After delighting neighbors and passersby with a colorful Dia de los Muertos display on his front stoop last October, artist Gabriel Rivera is following up that project with another vibrant, Mexican-themed exhibit—this time to celebrate Cinco de Mayo.
“I always tell people I’m an activist first and an artist second,” Rivera states from his Park Slope garden apartment located at 539 9th Street between 8th Avenue and Prospect Park West.
Rivera uses his artwork as a way to “re-frame what it is we are questioning or what’s being said. It’s a way of questioning answers as opposed to answering questions,” he says.
Born in Mexico, Rivera’s parents brought him to the U.S. when he was three, where they settled in East Los Angeles. As he says, “We crossed the border that crossed me.”
Rivera’s father left the family when he was young, so his mother raised Rivera and his two brothers with the help of her parents who regaled and educated the young Rivera with stories of their native country’s history and culture.

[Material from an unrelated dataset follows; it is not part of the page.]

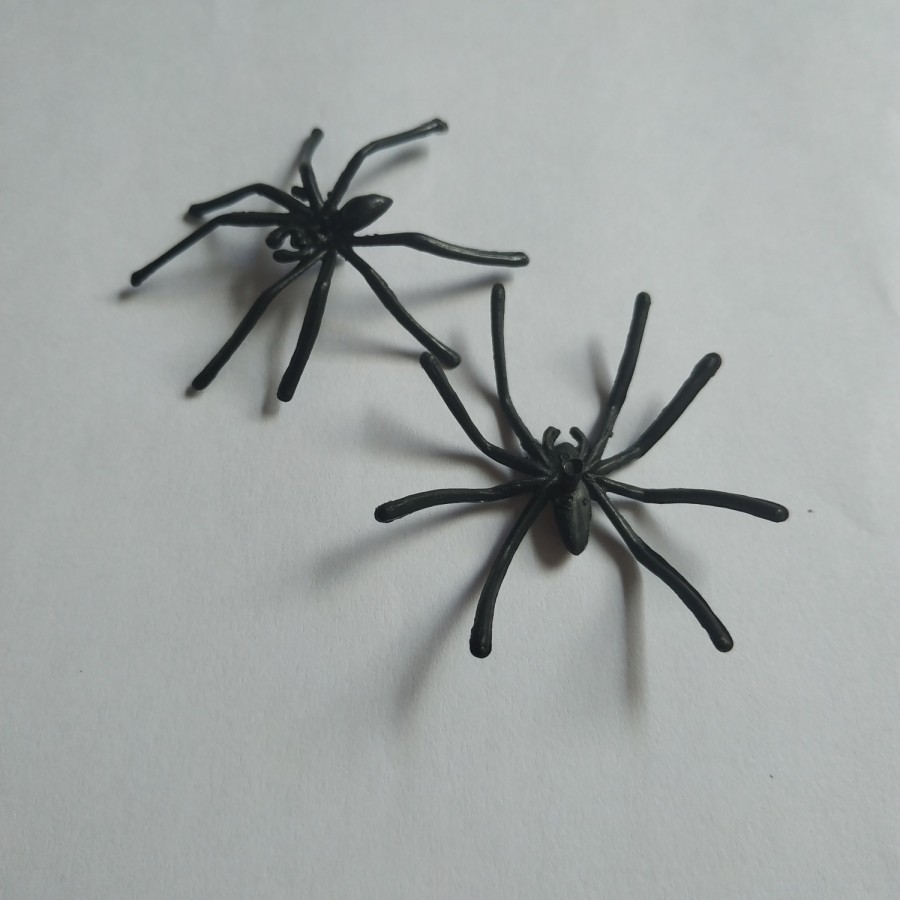 Halloween 3 pcs Spider properti pesta laba laba kecil mini 5x4cm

When Rivera was 14, his grandparents sent him on a trip to Mexico City where he “fell in love with art and music.” His grandparents encouraged his passion for the arts, with his grandfather advising him—“it’s okay to be rebellious but you need to fight smart. Use your mind and creativity to express [yourself].”
Rivera studied Political Science at California State Los Angeles and ran a youth program in Bend, Oregon for 15 years before moving to New York with wife in 2004 where he worked in counseling and social services for several years.

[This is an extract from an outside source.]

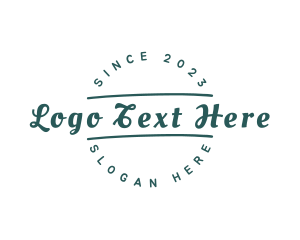 Cool - Green Handwritten Business logo design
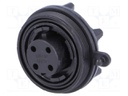 Connector: circular; socket; female; PIN: 4; Buccaneer Standard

“My job now is to become a conduit. To help others really understand which direction this country is going and the choices we need to make,” he says. “My art is about giving people information.”
Rivera says his Dia de los Muertos piece was created as “a cultural statement,” a response to Donald Trump’s disparaging comments about Mexican-Americans.
“I got caught up in the anger and the fervor when Trump got elected,” he recalls. “Then I thought, ‘This is not good for me. This is poison,’” so he followed his grandfather’s advice and decided to “get creative and combine education with [his] art.”
Cinco de Mayo commemorates Mexico’s victory over France at the Battle of Puebla in 1862 during the Franco-Mexican War (1861-1867).
According to Rivera, President Lincoln asked Mexico’s President Benito Juarez to assist the U.S. during the Civil War.
Rivera says at that time, Mexico was paying off debts (following the Mexican–American War, 1846–48, and the Reform War, 1858–61) to the U.S. as well as several European countries. Lincoln had requested that Juarez not repay debts owed to the French because in doing so, he would have given France the financial means to move into Texas and help the south fight against the Union.
Juarez cooperated with Lincoln and refused to repay the French, so France, led by Napoleon III, declared war on Mexico, he says.
“If the French had gotten paid, if they had had a toe-hold along the border, they ultimately would have moved settlers into the area to re-establish the Louisiana Purchase,” he says. “We’d be speaking French along the border,” Rivera insists.
With his upcoming exhibit, Rivera would like to remind visitors that Mexicans have “given to this country.”
“My message is simple. We are all a part of something going on in the world. We are a global economy, a global history,” he says. “Is it okay to be proud of who you are culturally? Absolutely, but to think that one is superior…let’s dispel that.”
For his Cinco de Mayo display, Rivera’s rainbow array of Dia de los Muertos skeletons will re-emerge on his stoop, alongside other colorful characters including Lazarus, a 12-foot-tall skeleton riding a giant rooster. “Lazarus will be mechanical, he’ll move,” Rivera promises.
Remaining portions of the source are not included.